# 211 SD Mode



## RJDII (Jan 27, 2006)

I got the 211 on Friday and the SD mode is stuck in full zoom.
I can't change it to normal. Any suggestions? I rebooted and 
still nothing. It will not change when I arrow down.
Could be a soft ware glitch?


----------



## James Long (Apr 17, 2003)

While watching SD programming "Full Zoom" is the only mode possible.
While watching HD programming the 'Page Down' button will flip between "Full Zoom" and "Normal" (letterboxed).

(The 'Page Up' button controls HD aspect ratios.)

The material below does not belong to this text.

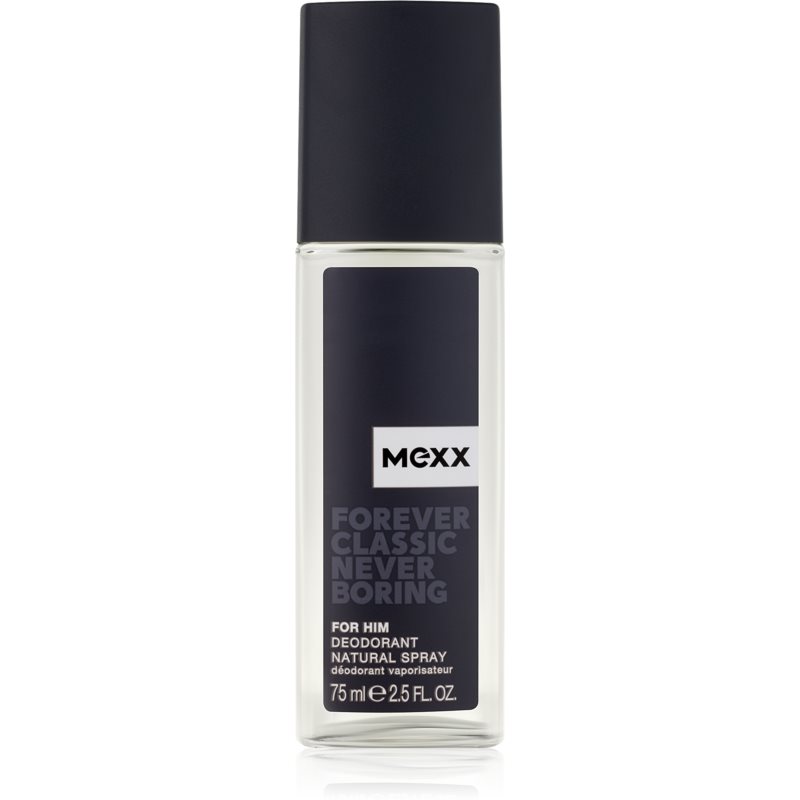 Mexx Forever Classic Never Boring for Him deodorant with atomiser 75 ml
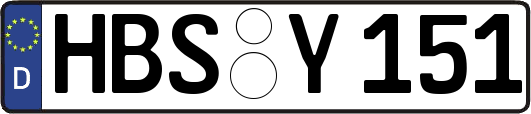 HBS-Y151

Are you sure you're on an HD channel?


----------



## RJDII (Jan 27, 2006)

Yes. I did it with 811 I had before.


----------



## bulldog200024 (Jan 27, 2006)

My sd on my 411 is also stuck in full zoom. However, the HD aspect ratio changes all of my channels. I dont get it. It worked the first day or two.


----------



## Doublee (Feb 8, 2006)

I don't understand what "SD mode" is. When I hit page up, no matter whether I'm watching a HD or SD channel, it toggles from HD normal to HD stretch to HD partial zoom to HD gray bar. Am I missing something? It never hi-lites SD anything... Does this have something to do with what kind of cable I'm using (HDMI) or am I just not getting the question?


----------



## James Long (Apr 17, 2003)

SD mode is for the SD outputs (the modulator channel 3/4 or AV out).
That is changeable while watching HD feeds by using the Page Down key.


----------



## cuquiandgus17 (Jan 15, 2006)

James Long said:


> While watching SD programming "Full Zoom" is the only mode possible.
> While watching HD programming the 'Page Down' button will flip between "Full Zoom" and "Normal" (letterboxed).
> 
> (The 'Page Up' button controls HD aspect ratios.)
> ...


use remote that came with your tv go into tv settings and put picture on natural mode not wide screen


----------



## RJDII (Jan 27, 2006)

Looks like it has gone to normal now. Guess the new download did it.


----------